Consistent with previous studies, factor analyses of child and maternal perceptions of the sibling relationship revealed two dimensions, one reflecting warmth and support and the other reflecting conflict. Of these dimensions, children and mothers tended to agree more on their ratings of warmth than conflict. In addition, target children, siblings, and mothers may have different perspectives on what constitutes high conflict within the sibling relationship. Despite the difficulty in collecting reliable ratings, children's ratings of the conflict they received from their siblings were correlated with some aspects of their school social adjustment. consistent with the models proposed by Patterson and his colleagues, sibling conflict was related to aggressive social difficulties with peers, poor peer relations, and behavioral problems at school. In addition, some research suggests that aggressive children minimize their own aggression and perceive peers as more aggressive than themselves. When correlations between warmth in the sibling relationship and school social adjustment were considered, the level of support that children and siblings reported initiating toward each other was significantly correlated with teacher ratings of emotional control and moderately correlated with social competence.
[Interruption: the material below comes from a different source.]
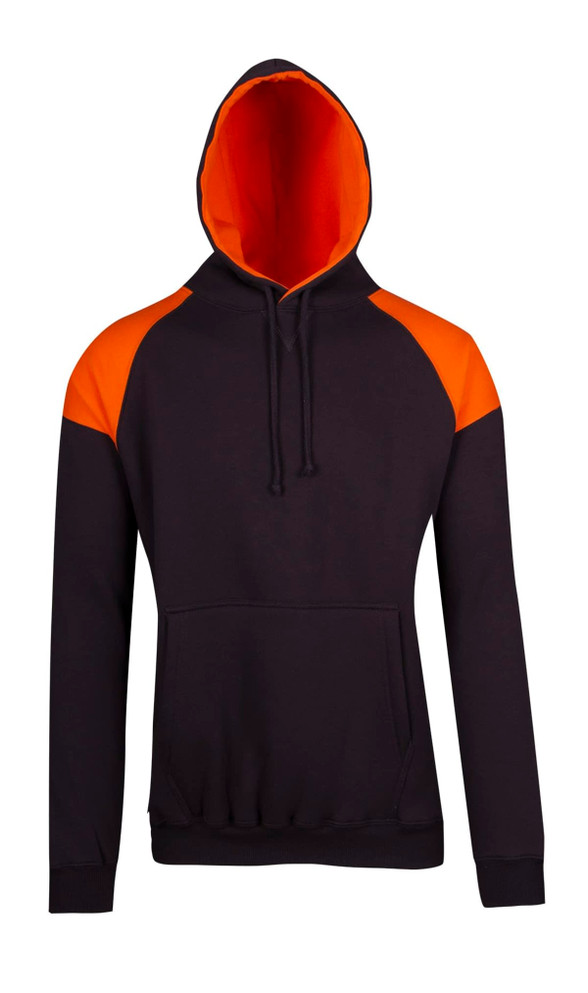 A black hoodie with orange contrast panels on the shoulders and a lined hood, featuring a front pocket and drawstrings.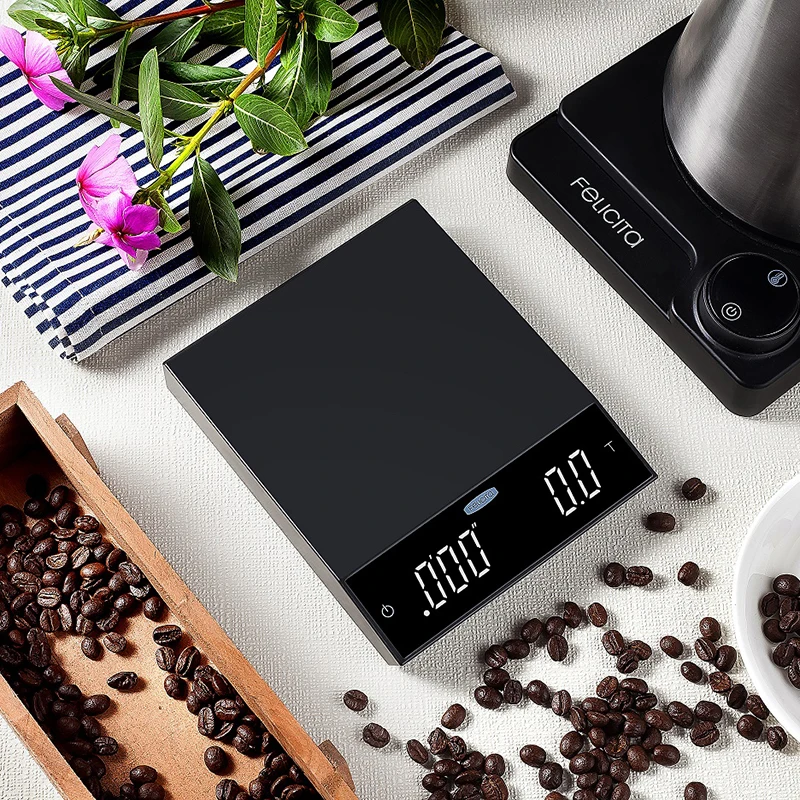 Felicita incline  coffee scale  smart digital scale pour coffee Electronic Drip Coffee Scale with Timer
Several limitations of this study warrant discussion. Furthermore, the direction of results is subject to interpretation. Although research has consistently focused on the relationship between childhood relationships with siblings and subsequent child adjustment at school, the reverse effect may also be true. For example, Kramer and Gottman found that peer interactions before the birth of a sibling were predictive of sibling interactions 6 to 14 months later. They suggested that children learn skills within their peer relationships that enable them to interact effectively with siblings. Observational data may be useful in future research to further clarify the relationships between sibling interactions and social skills in high-risk samples. Future research should also extend the present results by focusing on potential mediators between the sibling relationship and measures of adjustment in a longitudinal design. For example, if aggressive children are learning social-cognitive skills within sibling relationships, they would likely have higher scores on problem-solving and emotional identification measures. In addition, measures of self-esteem and coping would provide information on the potential protective function of sibling support in childhood. The study of mechanisms through which sibling relationships affect later development will be an important direction of future research.